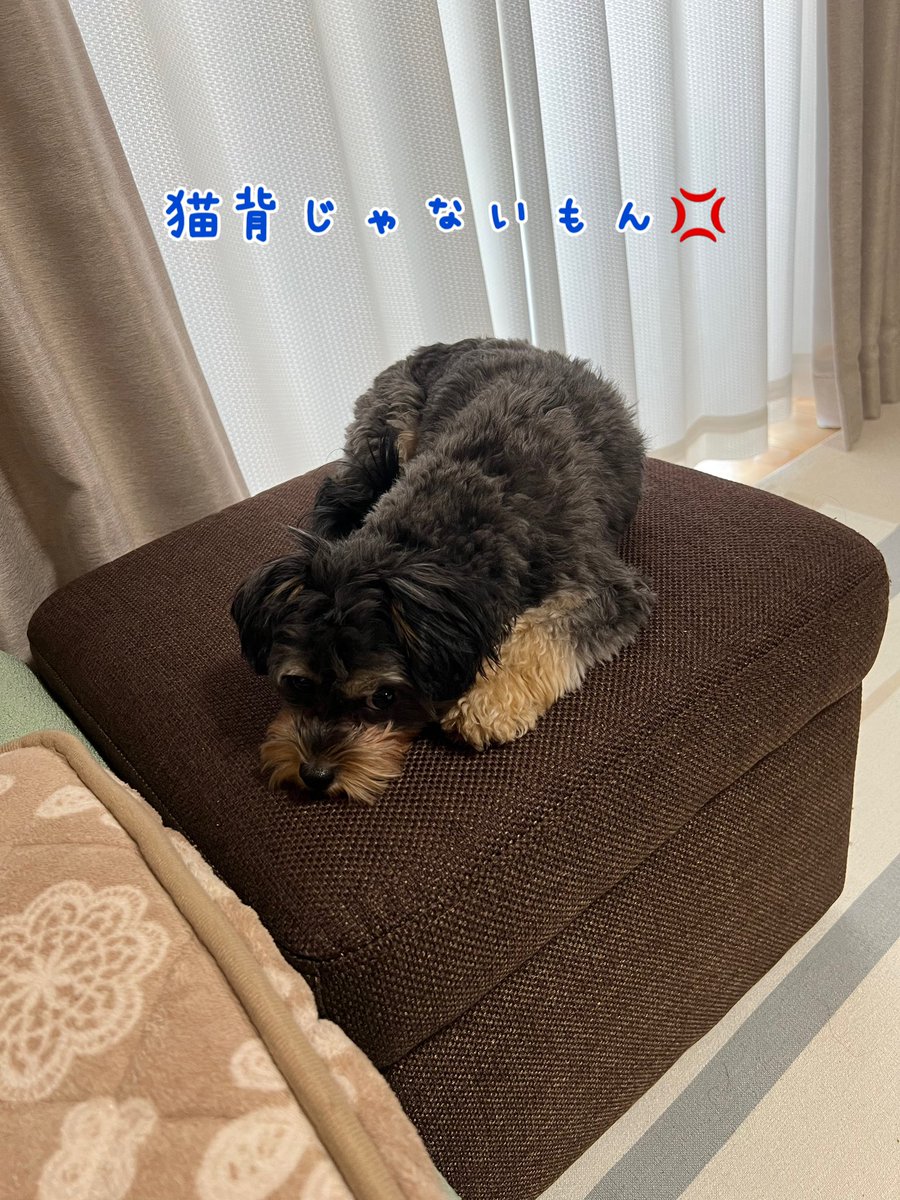 まめこって猫背だよねぇ？😶ﾎﾞｿｯ…

あ🫢💦ごめんて💦

#チワプー #ミックス犬 #犬のいる暮らし #犬好きさんとつながりたい #犬がいる幸せ
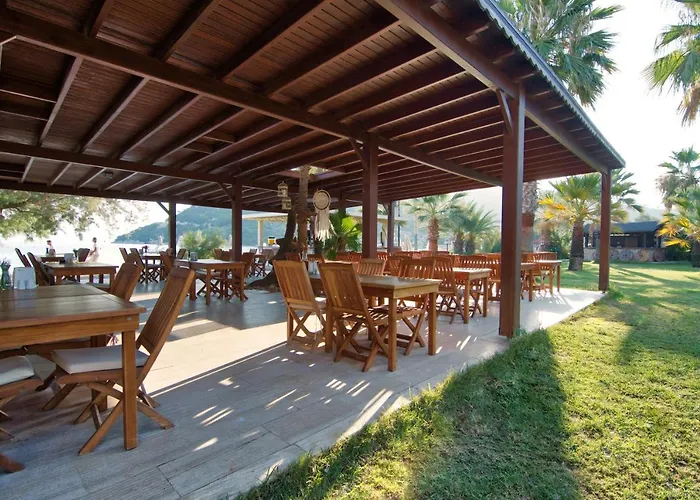 Hotel Selvi Golturkbuku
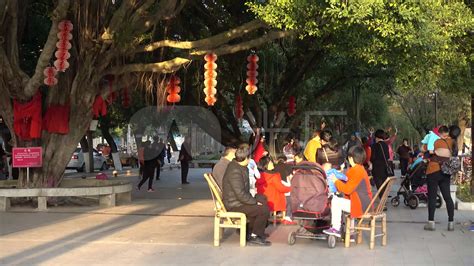 老年人广场舞(老年人广场舞全部视频)缩略图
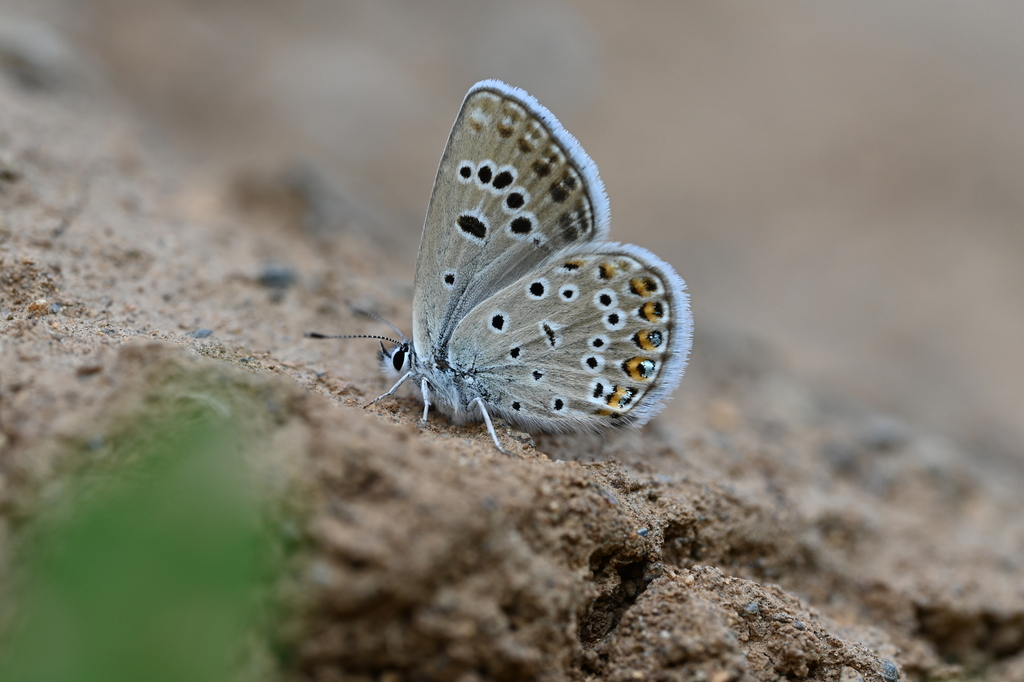 Kretania alcedo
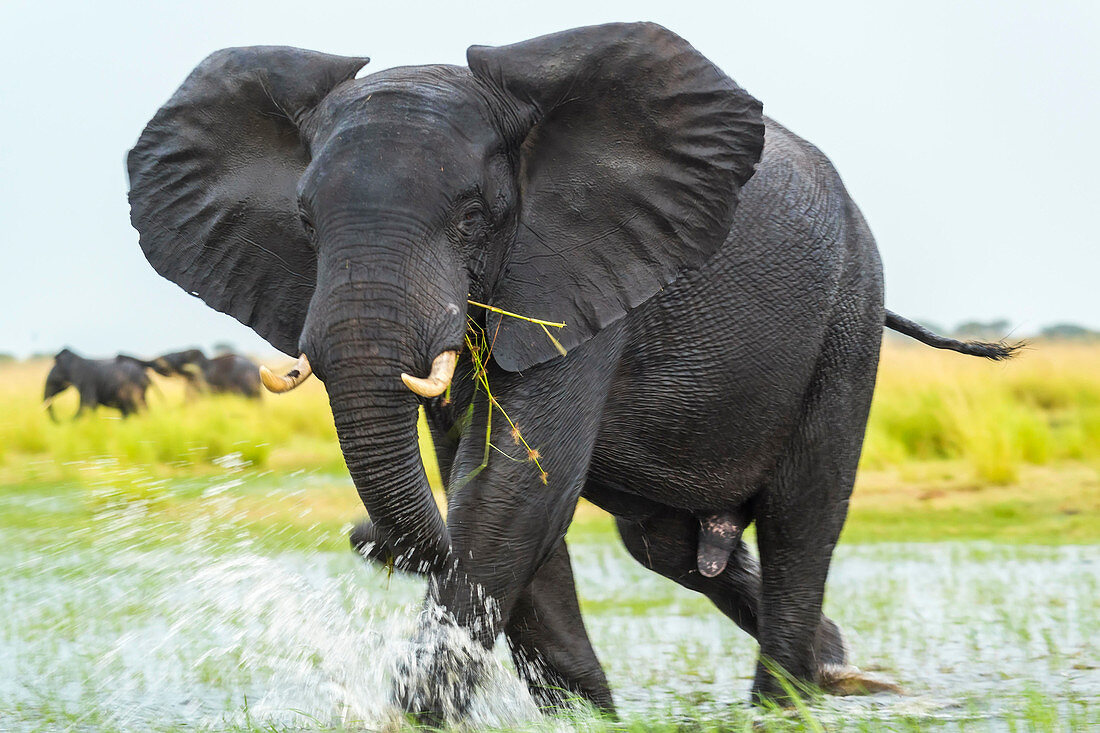 Elefant geht durch Wasser, Chobe National Park, Botswana, Afrika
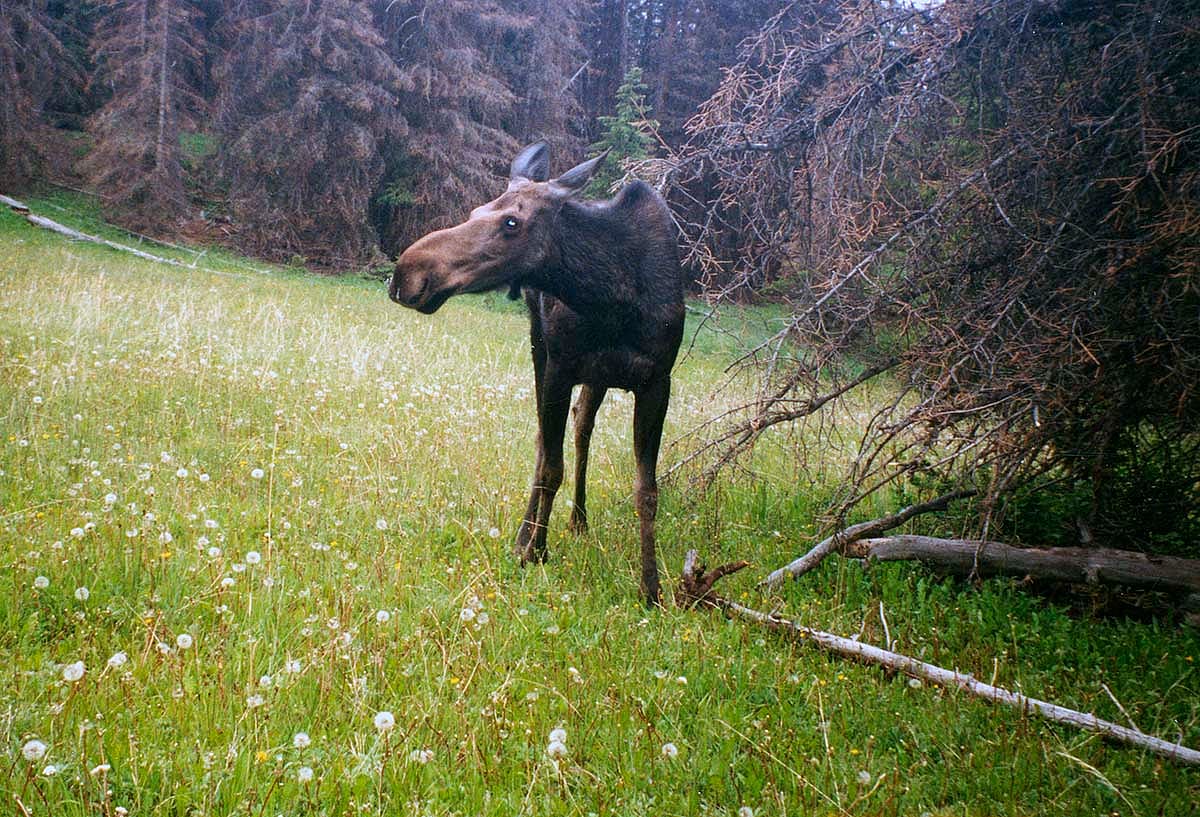 One of the remote camera sets used in the Carter Mountain study caught this moose sneaking along the edge of a backcountry meadow.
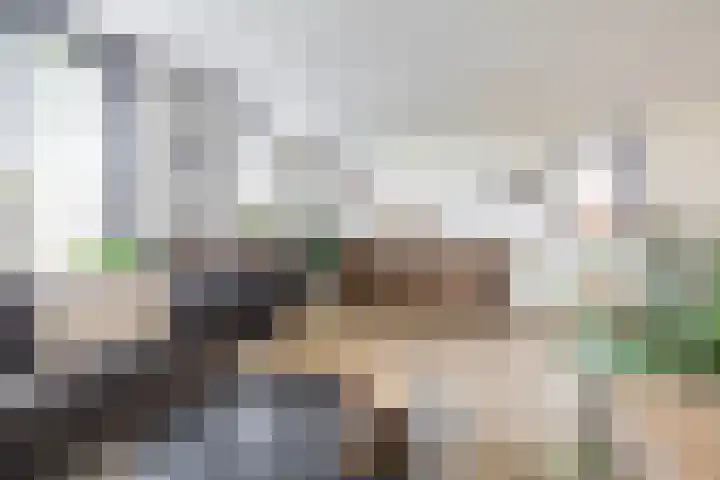 Dwarsakkers 7 Eext thumbnail 14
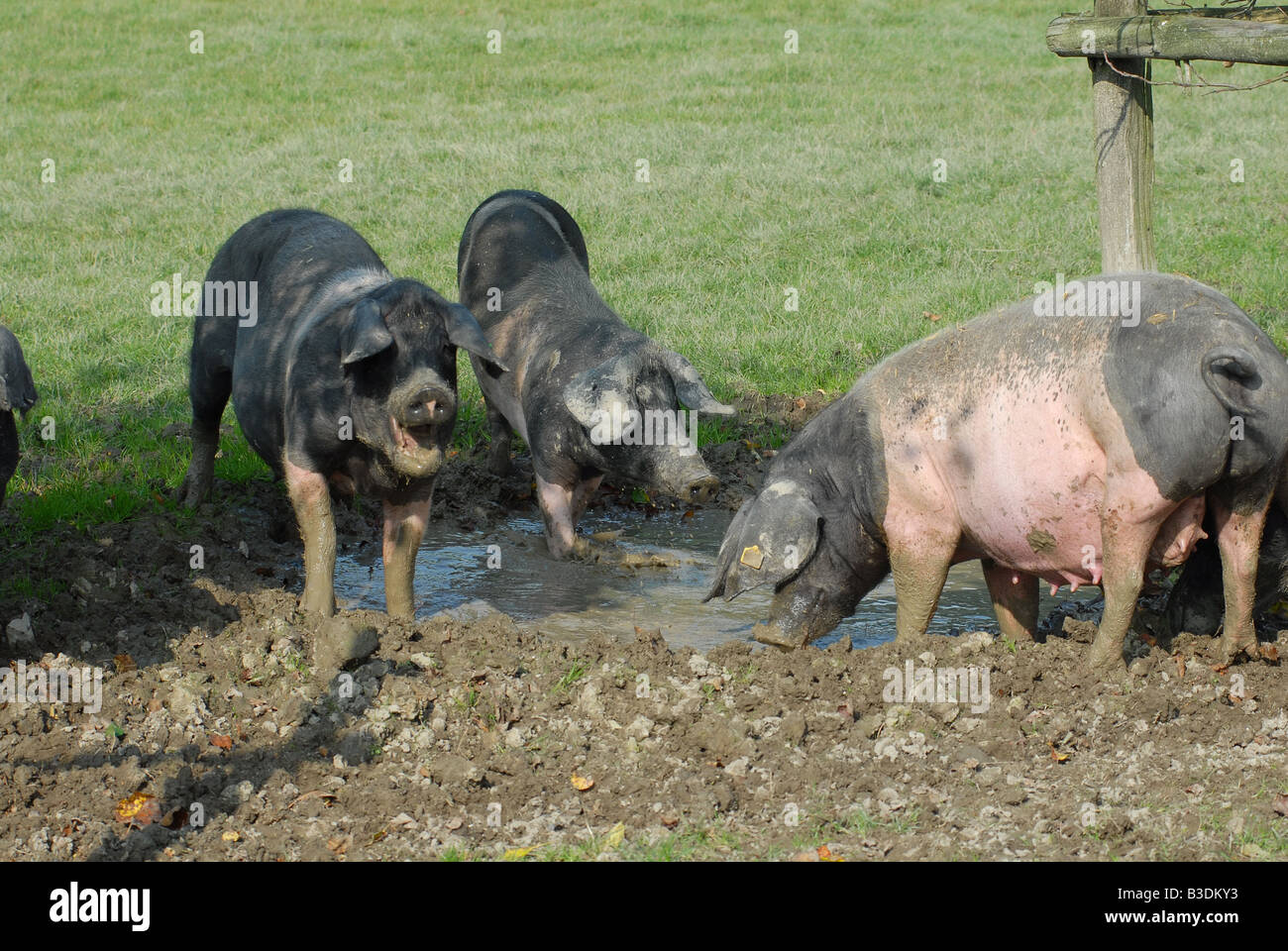 Schwäbisch Haellisches Landschwein schwäbischen Schwein deutsche Rasse Stockfoto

- - -

▶ [About this exercise]: The response must restate exactly the lines from the one containing "Dwarsakkers 7 Eext thumbnail 14" through the end of the records above and must leave out all pictures.

▶ [Response area]:
 Dwarsakkers 7 Eext thumbnail 14
 Schwäbisch Haellisches Landschwein schwäbischen Schwein deutsche Rasse Stockfoto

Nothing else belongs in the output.